Nothing creates a boring landscape more surely than use of the straight line. Be it in the shape of our flowerbeds, the planting of flowers within them, or the planting of shrubs, thinking straight guarantees there will be no hope for magic.

Look at the shrub planting in the first picture. Lilacs, I think (though I can’t be sure, I didn’t even get out of the pickup to snap the shot). There’s the start to an alluring landscape. OK, I understand that you are interested in creating a barrier between your spanky new home and the boulevard, but why let a straight road dictate what to do?
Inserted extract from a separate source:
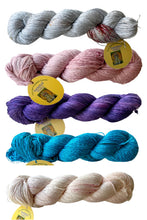 Load image into Gallery viewer, Moji cowl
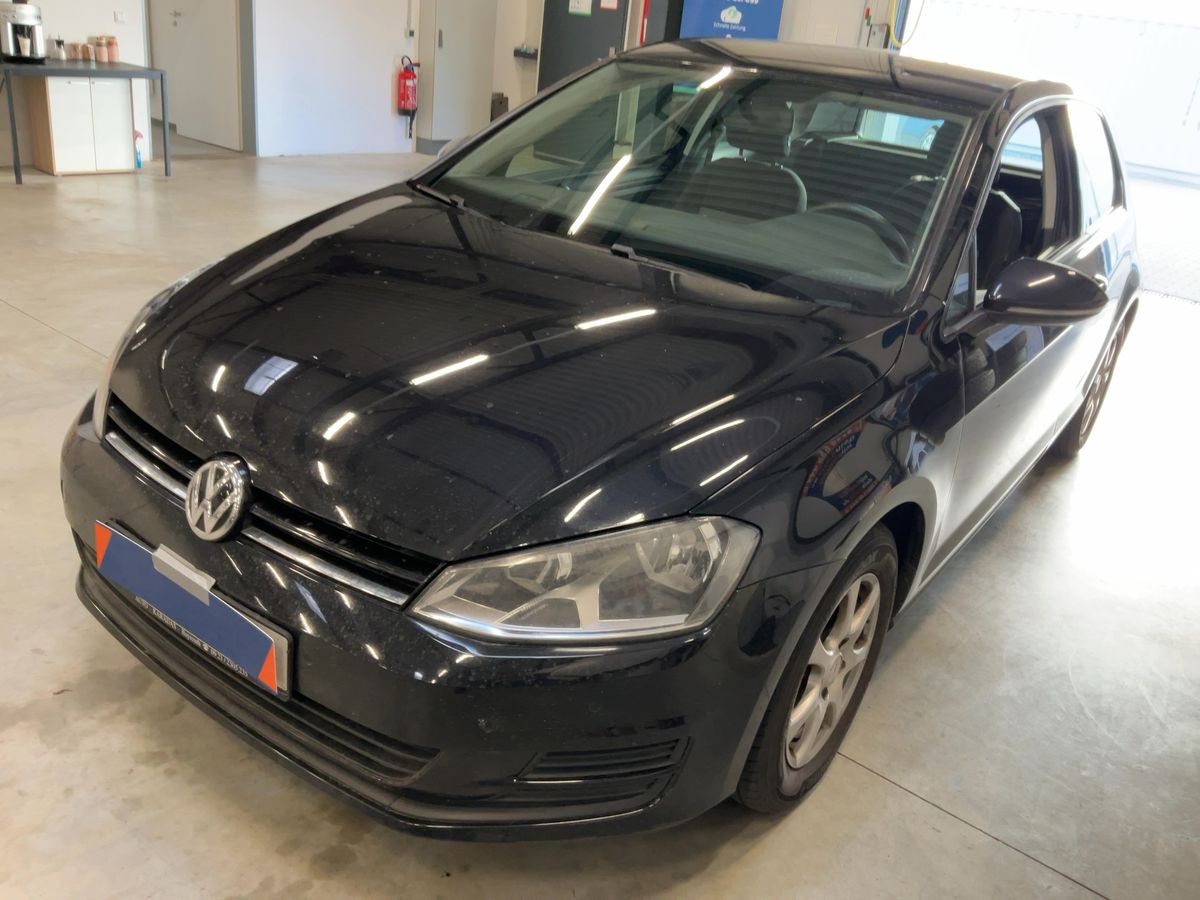 Volkswagen Golf VII 1.2 TSI Trendline BlueMotion Tech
This hedgerow should curve, swoop, curl, and curtsy. It should let the road know, in no uncertain terms, that nature is taking over. I’m also well past the point of seeing why any proposed shrub barrier should be comprised of all the same plant. What are they using here, fourteen plants of the same variety? Why not five or six varieties of shrubs, a third to half of them evergreen shrubs? How in the world are we going to get any sparkling contrasts in textures, any flow, any mystery, with this farm windbreak? Just as important, what’s going to provide winter interest?

Look at the second picture. There is way too much of this taking place across America. What is it about $400,000 homes that we can’t build them without making it appear as if nature was scared away by all the hammering? Big brick castles that slam down to lawn once you get four feet away from the exterior walls represent the essence of poor landscape design.

Always, start at the start. What is it we love about nature? The third photo says it all: in nature, there are no straight lines. That’s nature’s big hook. Straight lines are a human invention, and when we head into the wilderness, the first thing we respond to is the utter lack of straight lines, right angles, and perfect circles.

Let your landscapes curve and rise and flow. The fourth picture shows what you can do to the side of your garage when one lets the laws of nature guide. The last picture is to prove that even when allowing for ample lawn, straight lines in the landscape need never enter the picture.